### What you will do
In exact form, set down only those lines of the material that run from its first line to the line with "3208290607 - Immagine del Qr Code", inclusive.

### The records
##############################

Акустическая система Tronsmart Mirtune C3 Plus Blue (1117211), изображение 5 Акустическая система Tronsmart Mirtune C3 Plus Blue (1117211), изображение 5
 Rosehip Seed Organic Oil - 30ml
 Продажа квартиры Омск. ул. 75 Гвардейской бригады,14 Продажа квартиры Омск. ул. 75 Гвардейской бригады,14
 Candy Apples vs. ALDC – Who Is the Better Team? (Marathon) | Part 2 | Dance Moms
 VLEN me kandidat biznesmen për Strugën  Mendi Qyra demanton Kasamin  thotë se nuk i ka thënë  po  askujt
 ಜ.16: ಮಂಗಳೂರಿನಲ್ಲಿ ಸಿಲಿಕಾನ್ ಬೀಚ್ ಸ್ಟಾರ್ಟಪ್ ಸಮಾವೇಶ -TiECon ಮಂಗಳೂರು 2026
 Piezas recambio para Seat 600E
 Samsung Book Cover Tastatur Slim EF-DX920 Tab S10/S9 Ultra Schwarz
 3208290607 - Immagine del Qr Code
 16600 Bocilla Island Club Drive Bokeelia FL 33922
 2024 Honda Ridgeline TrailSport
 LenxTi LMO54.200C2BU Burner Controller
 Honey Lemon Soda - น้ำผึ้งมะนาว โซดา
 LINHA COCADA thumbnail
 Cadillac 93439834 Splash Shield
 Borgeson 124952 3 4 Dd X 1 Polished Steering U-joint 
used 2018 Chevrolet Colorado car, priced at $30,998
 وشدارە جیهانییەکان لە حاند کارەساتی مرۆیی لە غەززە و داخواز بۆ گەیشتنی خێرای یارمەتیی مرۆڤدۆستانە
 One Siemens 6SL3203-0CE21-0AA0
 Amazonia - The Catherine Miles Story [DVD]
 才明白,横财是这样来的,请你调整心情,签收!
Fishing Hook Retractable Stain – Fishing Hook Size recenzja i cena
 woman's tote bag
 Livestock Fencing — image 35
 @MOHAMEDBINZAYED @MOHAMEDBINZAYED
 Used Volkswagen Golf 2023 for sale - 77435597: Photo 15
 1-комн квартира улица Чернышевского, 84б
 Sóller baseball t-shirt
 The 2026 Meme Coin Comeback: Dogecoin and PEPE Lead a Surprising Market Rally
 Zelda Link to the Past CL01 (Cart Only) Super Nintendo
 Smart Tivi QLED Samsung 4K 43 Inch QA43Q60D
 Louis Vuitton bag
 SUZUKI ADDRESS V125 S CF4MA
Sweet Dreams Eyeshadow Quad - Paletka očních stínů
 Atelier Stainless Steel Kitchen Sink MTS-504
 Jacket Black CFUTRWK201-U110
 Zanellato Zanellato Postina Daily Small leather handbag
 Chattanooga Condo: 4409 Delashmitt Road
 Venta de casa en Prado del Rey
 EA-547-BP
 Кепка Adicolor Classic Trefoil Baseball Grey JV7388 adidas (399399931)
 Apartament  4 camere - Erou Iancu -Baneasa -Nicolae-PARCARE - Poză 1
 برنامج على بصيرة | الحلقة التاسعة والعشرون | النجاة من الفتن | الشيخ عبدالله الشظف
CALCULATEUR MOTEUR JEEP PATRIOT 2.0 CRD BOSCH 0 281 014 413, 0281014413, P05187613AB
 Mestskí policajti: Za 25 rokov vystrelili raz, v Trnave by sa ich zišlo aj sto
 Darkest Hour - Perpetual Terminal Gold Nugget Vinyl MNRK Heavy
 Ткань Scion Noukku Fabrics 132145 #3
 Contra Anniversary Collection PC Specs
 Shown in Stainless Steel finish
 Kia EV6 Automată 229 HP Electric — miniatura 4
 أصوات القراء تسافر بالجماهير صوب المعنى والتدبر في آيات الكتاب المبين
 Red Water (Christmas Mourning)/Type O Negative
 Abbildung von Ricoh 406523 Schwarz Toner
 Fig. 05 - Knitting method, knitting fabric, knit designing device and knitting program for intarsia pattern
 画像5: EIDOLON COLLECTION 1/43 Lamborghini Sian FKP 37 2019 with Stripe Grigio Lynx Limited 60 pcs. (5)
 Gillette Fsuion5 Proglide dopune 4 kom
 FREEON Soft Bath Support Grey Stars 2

##############################

### Answer
Акустическая система Tronsmart Mirtune C3 Plus Blue (1117211), изображение 5 Акустическая система Tronsmart Mirtune C3 Plus Blue (1117211), изображение 5
 Rosehip Seed Organic Oil - 30ml
 Продажа квартиры Омск. ул. 75 Гвардейской бригады,14 Продажа квартиры Омск. ул. 75 Гвардейской бригады,14
 Candy Apples vs. ALDC – Who Is the Better Team? (Marathon) | Part 2 | Dance Moms
 VLEN me kandidat biznesmen për Strugën  Mendi Qyra demanton Kasamin  thotë se nuk i ka thënë  po  askujt
 ಜ.16: ಮಂಗಳೂರಿನಲ್ಲಿ ಸಿಲಿಕಾನ್ ಬೀಚ್ ಸ್ಟಾರ್ಟಪ್ ಸಮಾವೇಶ -TiECon ಮಂಗಳೂರು 2026
 Piezas recambio para Seat 600E
 Samsung Book Cover Tastatur Slim EF-DX920 Tab S10/S9 Ultra Schwarz
 3208290607 - Immagine del Qr Code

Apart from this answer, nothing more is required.